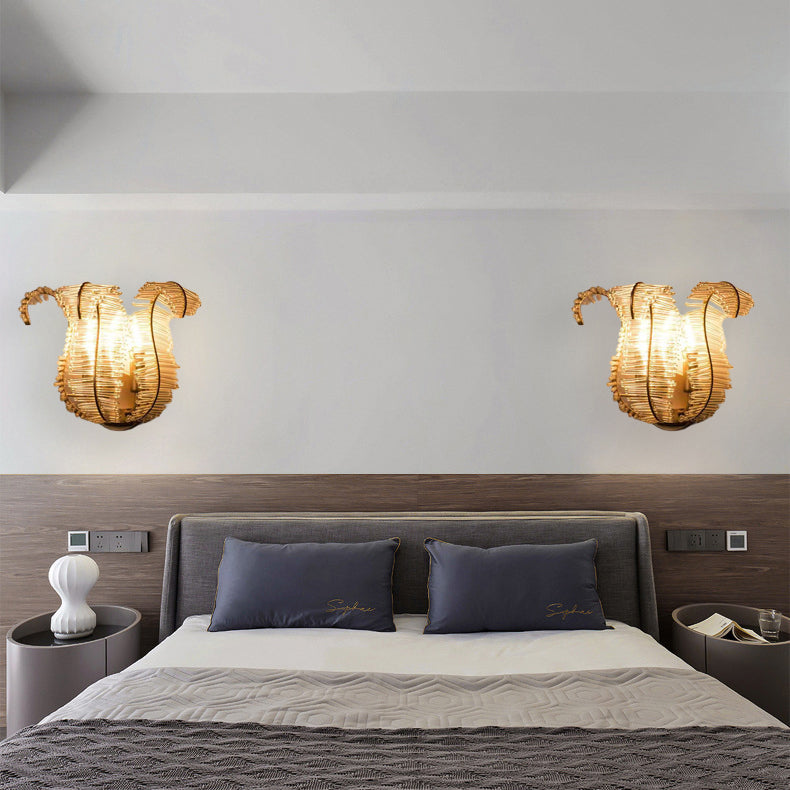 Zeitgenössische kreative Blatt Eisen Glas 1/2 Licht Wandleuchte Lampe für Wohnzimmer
...
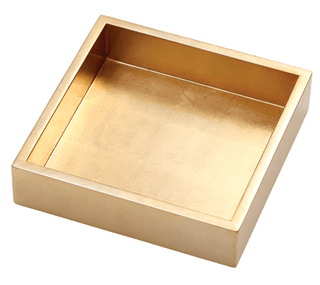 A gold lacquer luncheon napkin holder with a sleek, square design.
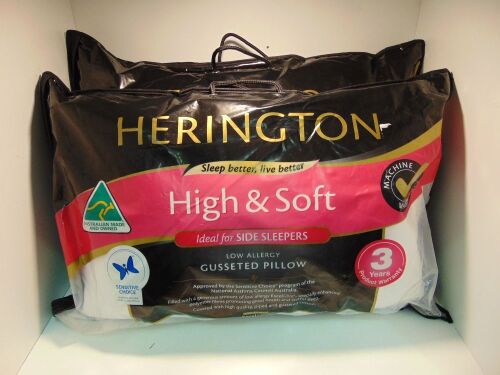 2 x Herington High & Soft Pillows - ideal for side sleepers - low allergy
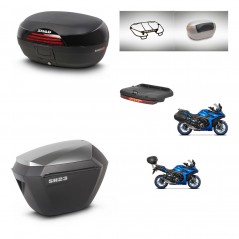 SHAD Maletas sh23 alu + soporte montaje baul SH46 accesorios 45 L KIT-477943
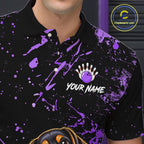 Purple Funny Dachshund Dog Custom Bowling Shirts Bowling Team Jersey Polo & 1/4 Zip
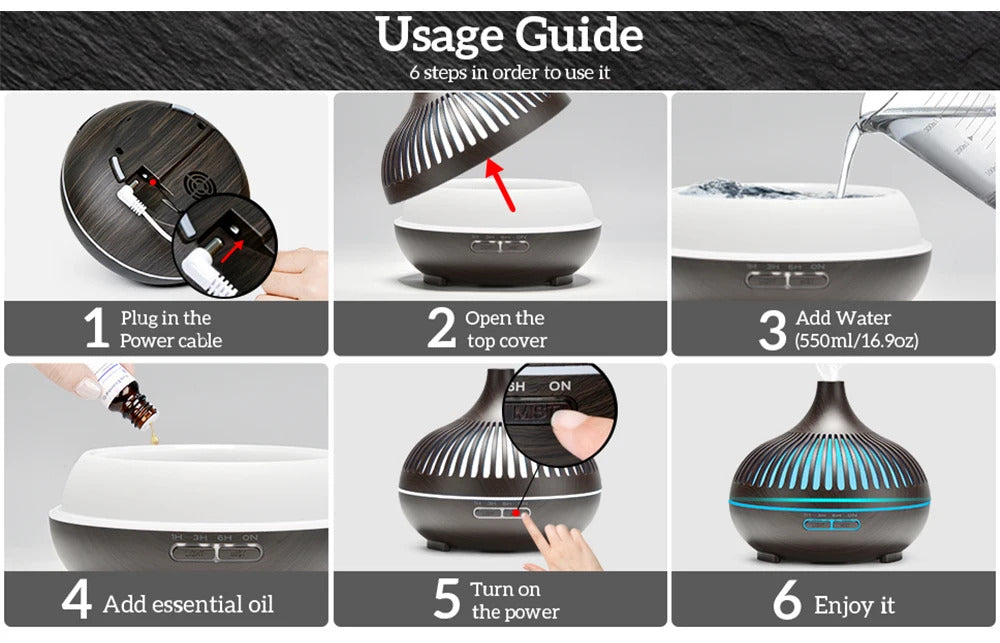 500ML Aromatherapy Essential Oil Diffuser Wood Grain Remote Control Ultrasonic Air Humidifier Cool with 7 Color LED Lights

■ WHAT THE EXERCISE ASKS
Using the data above, set down each line from the line with "2 x Herington" to the line with "500ML Aromatherapy Essential" exactly, both ends included, and leave the pictures behind. Nothing else belongs.

■ TASK RESPONSE
 2 x Herington High & Soft Pillows - ideal for side sleepers - low allergy
 SHAD Maletas sh23 alu + soporte montaje baul SH46 accesorios 45 L KIT-477943
 Purple Funny Dachshund Dog Custom Bowling Shirts Bowling Team Jersey Polo & 1/4 Zip
 500ML Aromatherapy Essential Oil Diffuser Wood Grain Remote Control Ultrasonic Air Humidifier Cool with 7 Color LED Lights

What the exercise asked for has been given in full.